与NaCl胁迫相比,具有高pH值的NaHCO_3胁迫对植物的影响更加复杂。本文以星星草为研究对象,以水稻品种“日本晴”为对照,利用显微、超微观察、双向电泳等研究方法和手段,不但对NaHCO_3胁迫下星星草种子萌发、幼苗生长特点、气孔特性、叶片及根的表皮结构特征进行了观察,还对星星草体内钾、钠、钙三种重要离子组分的吸收与运输特点,以及星星草根部蛋白质图谱的变化进行了系统的研究,从微观形态、离子分布及蛋白表达三个不同层面揭示了盐生植物星星草的耐盐基础。研究结果对进一步了解星星草的耐盐特性具有很实际的指导意义,而且,蛋白质水平的研究还为了解星星草对NaHCO_3胁迫的响应提供了新的线索,为我们用遗传手段进一步研究这些基因的功能奠定了重要基础。
上述研究的主要结论如下:
1.总体讲,星星草种子发芽率与NaHCO_3浓度成反比,NaHCO_3胁迫对星星草幼苗株高及干物重影响不明显,对水稻幼苗株高和干物重有一定的抑制作用。
2.星星草叶表气孔长度在短时间低浓度NaHCO_3胁迫下增加,高浓度下减小;高浓度和长时间的NaHCO_3胁迫均促进气孔宽度增加,两者的作用有叠加效应;低浓度NaHCO_3胁迫即可引起水稻叶表皮的气孔长度、宽度明显下降;无盐胁迫时,星星草叶表的气孔密度是水稻的7倍多。
3.星星草与水稻的叶表都有蜡质层存在。NaHCO_3胁迫浓度增大及胁迫天数增多均能促进蜡质层密度增加,从增加的幅度比较,星星草>水稻;星星草叶表有分泌物质存在,分泌物质随NaHCO_3胁迫浓度增大及胁迫天数增多而增加,高浓度下,星星草叶表还有盐结晶析出,水稻叶表无盐结晶或其它分泌物质出现;星星草与水稻根的表皮上都具有侧根和分泌物质,从侧根的数量比较,星星草>水稻,长时间高浓度胁迫下侧根明显收缩变细;随胁迫浓度增大或胁迫时间增长,星星草分泌物质的量增多。水稻分泌物质的量则没有表现出任何规律性的变化。
4.对盐胁迫后星星草幼苗根部及地上部Na~+、K~+及Ca~(2+)含量进行测定的结果表明,星星草体内两种K~+吸收系统对K~+的吸收能力及星星草根部K~+/Na~+均明显高于水稻;随Na~+浓度增加,星星草相比于水稻表现出了较强的吸收与运输Ca~(2+)的能力。
5.以蒸馏水作对照,对150mmol/L NaHCO_3和NaCl胁迫5天的星星草根部全蛋白图谱进行了分析和比较,以期从蛋白质水平上找出NaHCO_3与NaCl逆境对星星草危害不同的原因。结果表明,在约400个可重复的蛋白质点中,有13个受NaHCO_3胁迫诱导而丰度上调,3个只在NaHCO_3胁迫下出现,经质谱鉴定得到了F3H、CYP450和果糖-1,6-二磷酸醛缩酶3个与抗逆性相关的蛋白。
Soil salinity is one of the main abiotic stresses that restrict the development of agriculture worldwide.How to improve crop salt tolerance and make good use of salinity-alkalinity soil has become a significant thesis urgent to be solved.Puccinellia tenuiflora is a natural salt tolerant plant widely distributed in the north of China,and it can grow well in the soil with high Na~+ concentration and high pH.The excellelant salt and alkali tolerance of P.tenuiflora made it become the perfect material of the research on salt and alkali tolerance.

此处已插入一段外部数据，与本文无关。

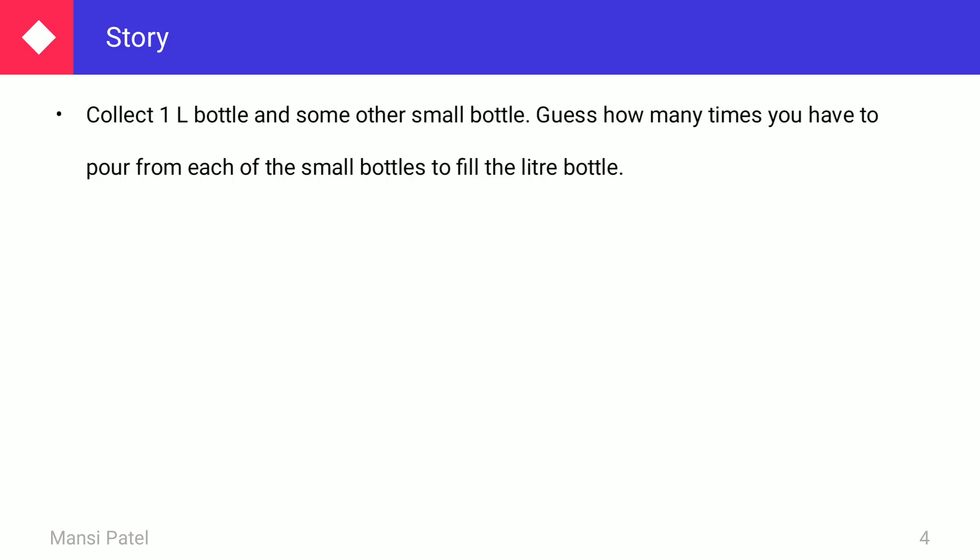For an activity: collect one big 1-liter bottle and some small bottles. Guess how many times you have to pour from each small bottle to fill the liter bottle. Take any liquid in your small bottle and fill the big bottle. The big bottle measures 1000 ml; the small bottles have different measurements.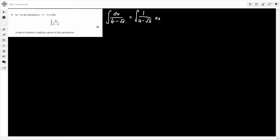Now we have 1 over 4 minus root x, and we know we're using this substitution. So like any substitution, write it out: u is equal to 4 minus the square root of x. The first thing we do is find the derivative of u. The 4 differentiates to 0, and the square root of x is x to the power of a half. When you differentiate this, we get minus x to the minus half, divided by 2.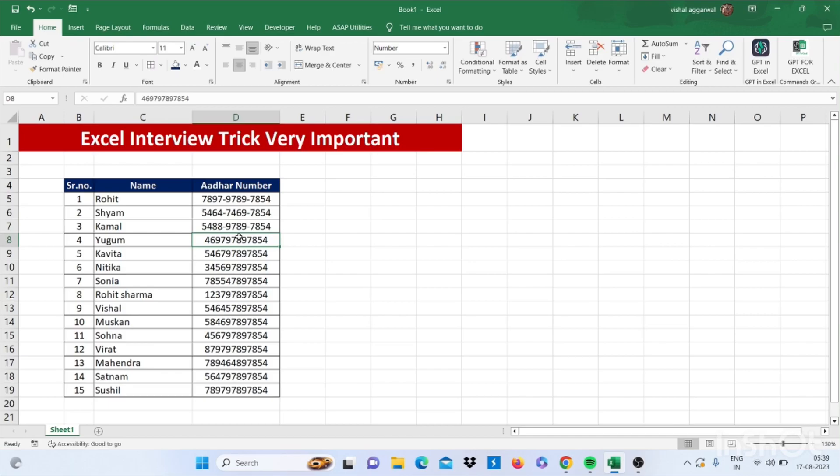So today, I will let you know how to put hyphens in these Aadhaar card numbers by using a shortcut.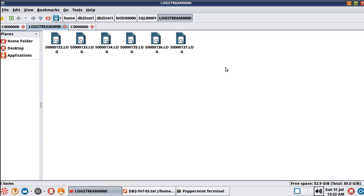The concept here is: always configure failure archive log path - that is the correct way of doing it. Don't think that if you have logarchmeth1 and logarchmeth2 configured you're not going to land into any issues - you are going to land into issues if something like this happens. That is the learning and tip I want to pass on in this tutorial. Hope this information was useful to you. Thanks for subscribing to my channel, and new viewers please subscribe to DB2LUWAcademy on YouTube. See you in the next video tutorial - bye bye.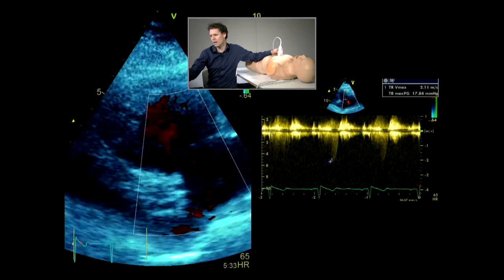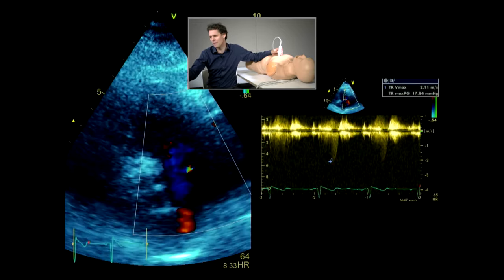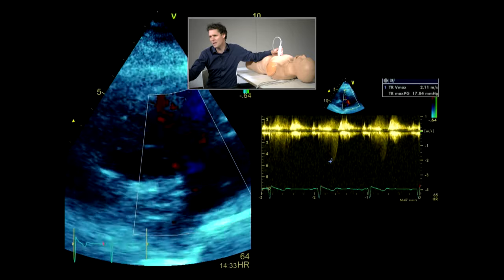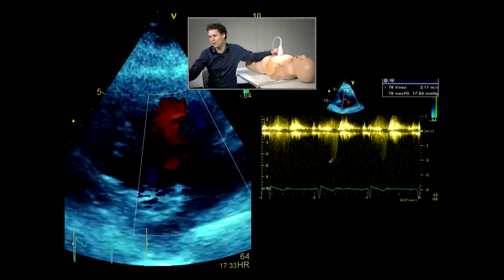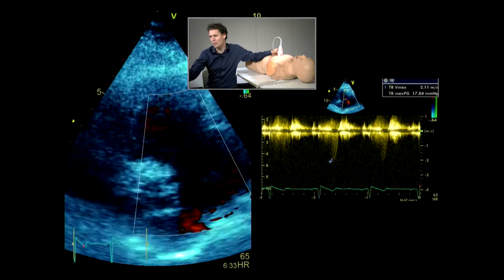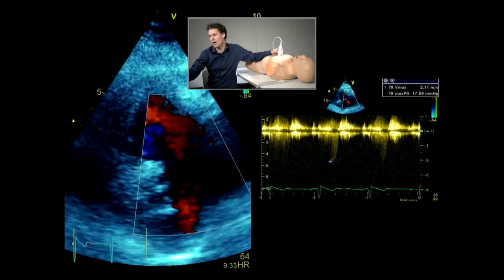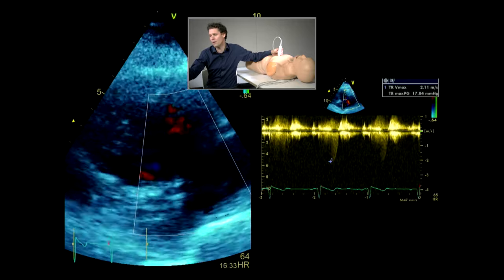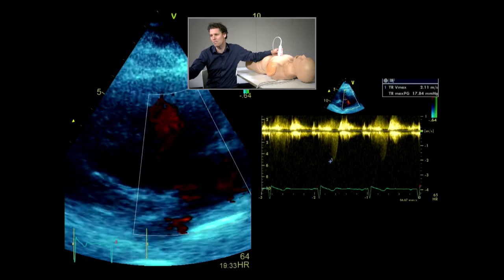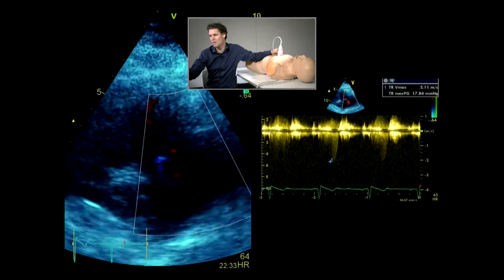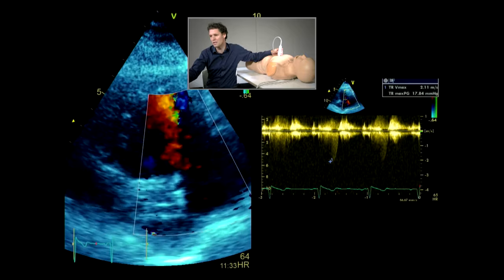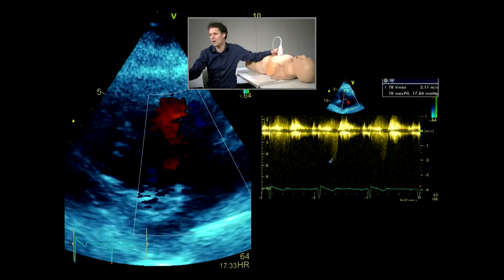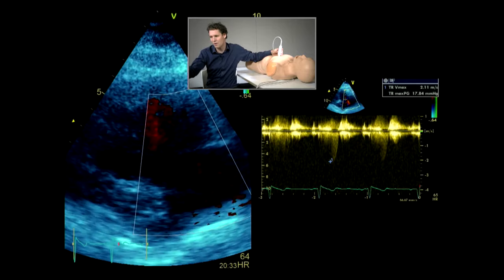Now I'll show you what a normal trace is meant to look like here. This is just a trace of tricuspid regurgitation. One of the things I want you to start to have an idea of is when we're using a color Doppler, we use it to direct our cursor so that we can put it through the continuous wave cursor through the area where we suspect there to be the most tricuspid regurgitation. We're using the color Doppler box to guide our continuous wave Doppler interrogation profile.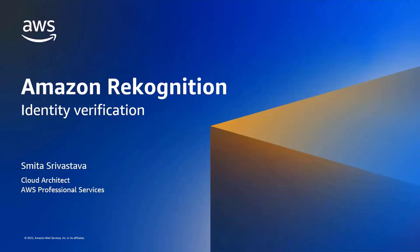Hi, my name is Smitha and I'm a cloud architect with AWS Professional Services. Today I'm going to walk you through how you can incorporate a seamless identity verification process in web apps using Amazon Rekognition. So let's get started.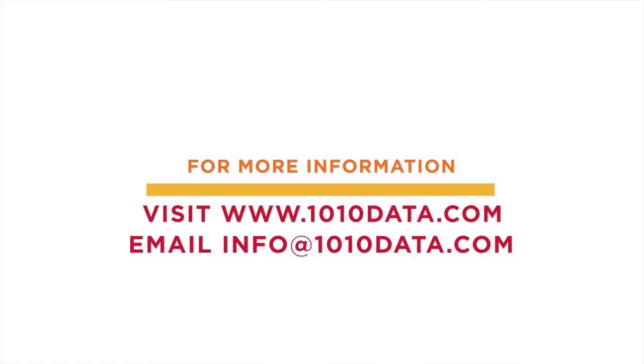To learn more about 1010 Data, visit www.1010data.com or email info at 1010data.com.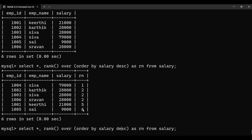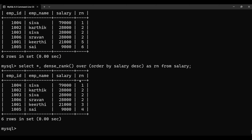Now I'm applying DENSE_RANK instead of RANK. The result shows rank 1 for Shiva, then rank 2 for the three people with 28,000 salary — same as before. But for Kirti, DENSE_RANK gives rank 3, not 5 — it does not skip any ranks even when there are repeated values. And Sai gets rank 4. That is the difference between RANK and DENSE_RANK.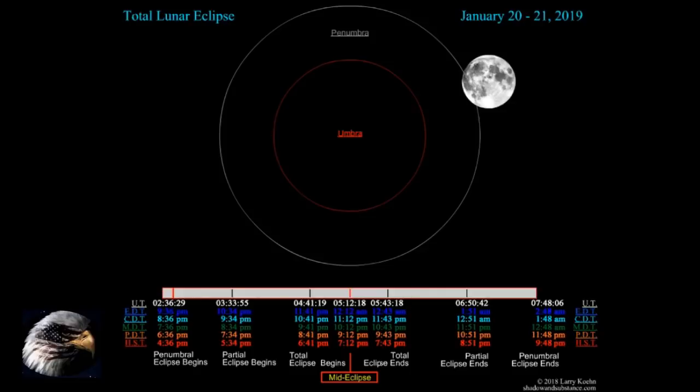January the 20th 2019 — as you're looking at a chart, it's an animated chart we're going to go through. It's from Larry Cohen and he has a website called shadowandsubstance.com, highly recommended. I took part of the video, slowed it down, and inserted some pauses where we can look at time and location.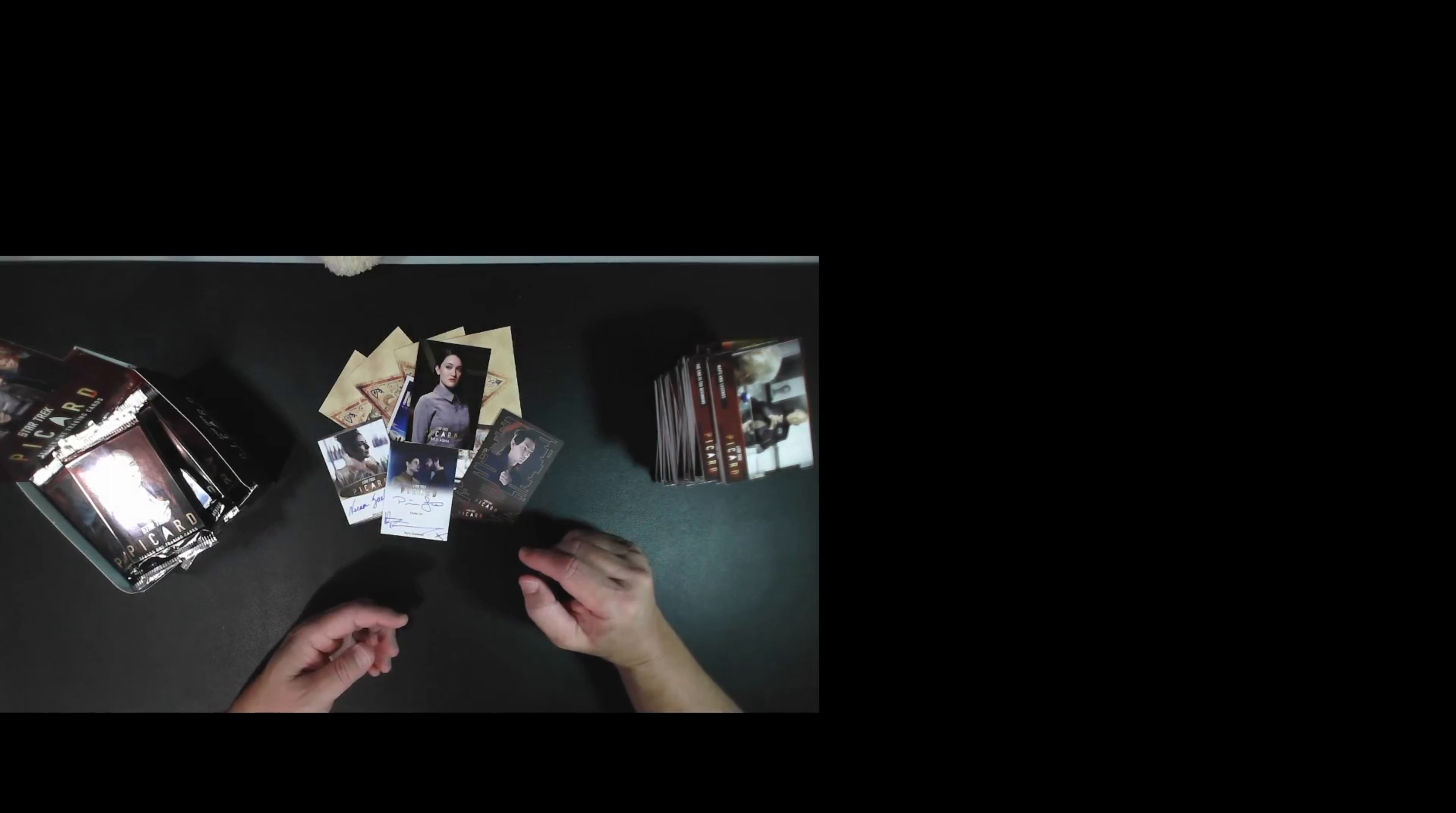Okay, so that was our box cards. Thanks for watching. I do have some other cards I'll be opening. I actually bought a box of Women of Star Trek and also some Voyager boxes hunting for some Jerry Ryan stuff. So stay tuned and I'll hopefully post those soon. Alright, thanks for watching everyone.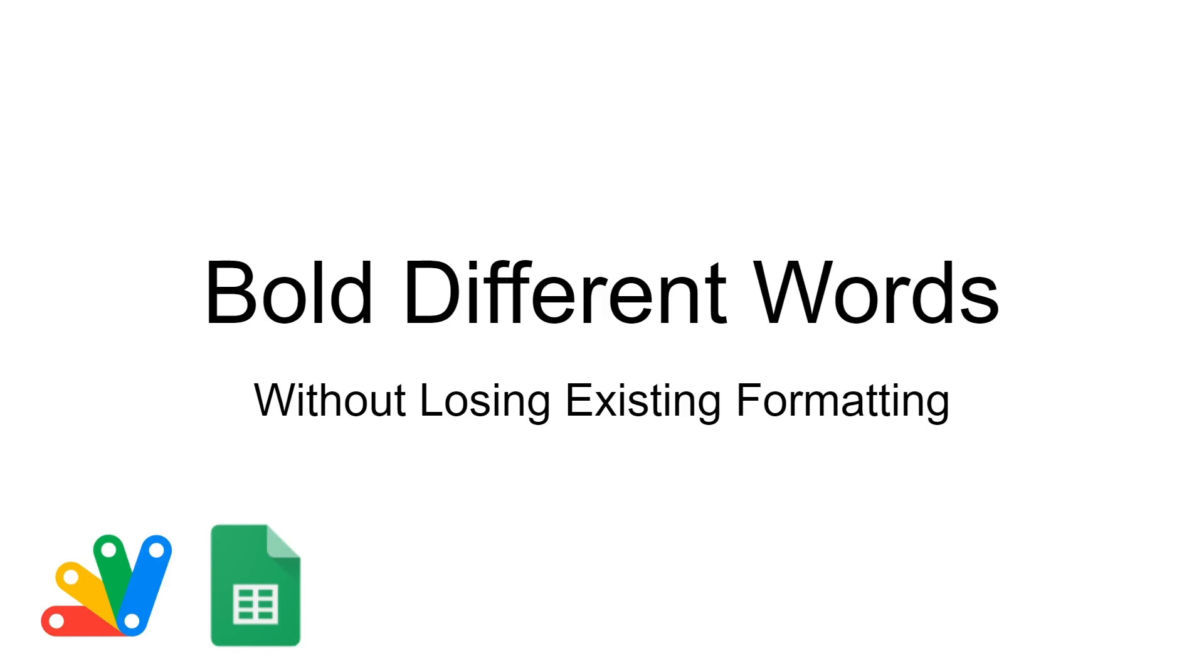This is how to bold different words with Apps Script without losing the existing formatting. And that last part is actually what's important here. It's relatively simple to bold different words, but this is a trick of how to retain the existing formatting.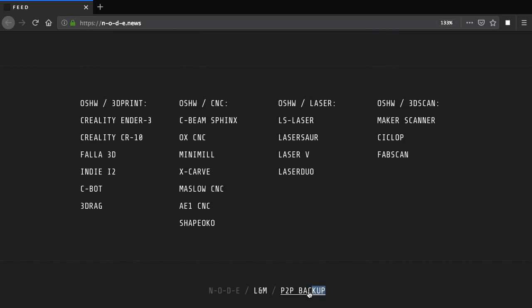This site also has a mirror on the DAT P2P network and the address link is at the bottom of the page.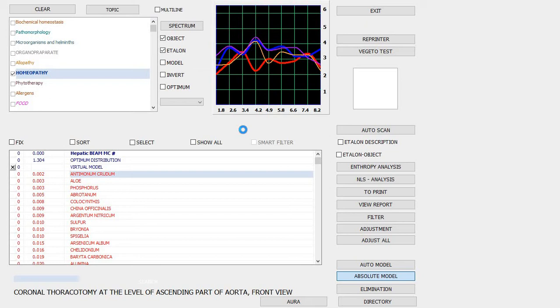But if you do want to test anything just to see if it's going to be strengthening or weakening, this is how to do it. I'm just using a homeopathic remedy in this case which should be obvious. We have a slide here, the coronal thoracotomy at the level of the ascending part of the aorta, front view.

Compared with NaC1 stress,the impact of NaHCO_3 stress with high pH on plant is more complex.In this paper,we choose P tenuiflora as experimental material and rice cultivar Nipponbare(Oryza sativa L.) as comparison.Using methods of micro and ultra-structure observation,2-D electrophoresis ect,not only seed germination,seedling growth character, stoma as well as leaf and root epidermis Character of P.tenuiflora were observed,but also the absorption and transportation Character of three important ion component K~+,Na~~ and Ca~(2+) in P.tenuiflora,and the changes of protein expression of its root were studied in detail.The purpose is to reveal the salt tolerant base of P tenuiflora from three different aspects of microstructure,ion distribution and protein expression.The result has practically instructional significance on the understanding of salt tolerant character of P.tenuiflora.Moreover,study on protein level provides new clew to the understanding on response of P.tenuiflora to NaHCO_3, and it also lays vital foundation to the further study of these genes by genetic measures.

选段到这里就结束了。